** SUPPLIED MATERIAL **
■ ■ ■ ■ ■

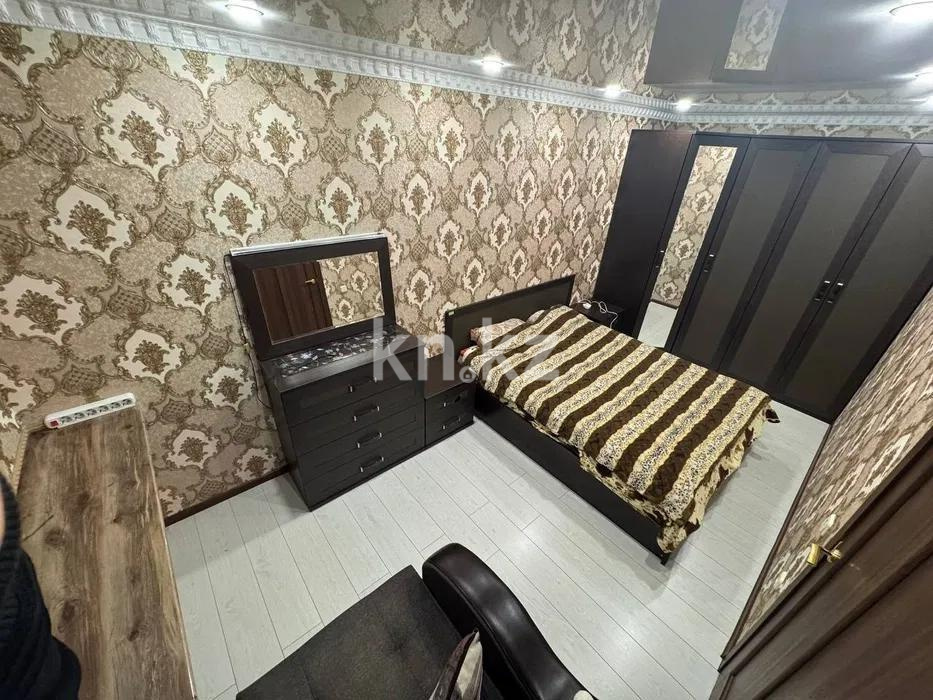 Продажа 2-комнатной квартиры, 48 м² - Продажа двухкомнатных квартир в Караганде фото 2 из 4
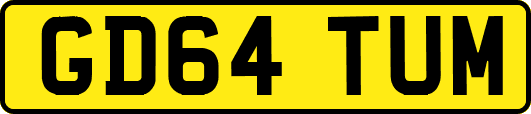 GD64TUM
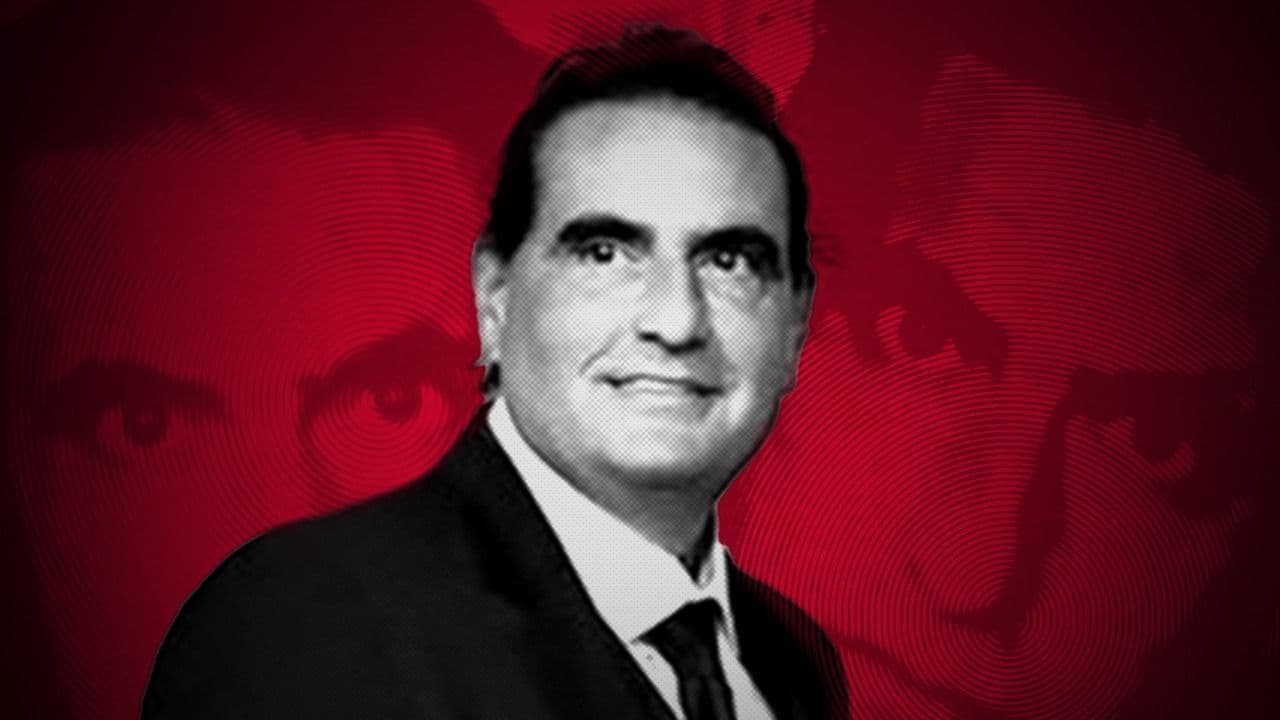 Alex Saab Morán Alex Saab Morán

■ ■ ■ ■ ■

** ACTIVITY **
Every line above has to be output exactly; the pictures must be dropped.

** RESPONSE TO THIS TASK **
 Продажа 2-комнатной квартиры, 48 м² - Продажа двухкомнатных квартир в Караганде фото 2 из 4
 GD64TUM
 Alex Saab Morán Alex Saab Morán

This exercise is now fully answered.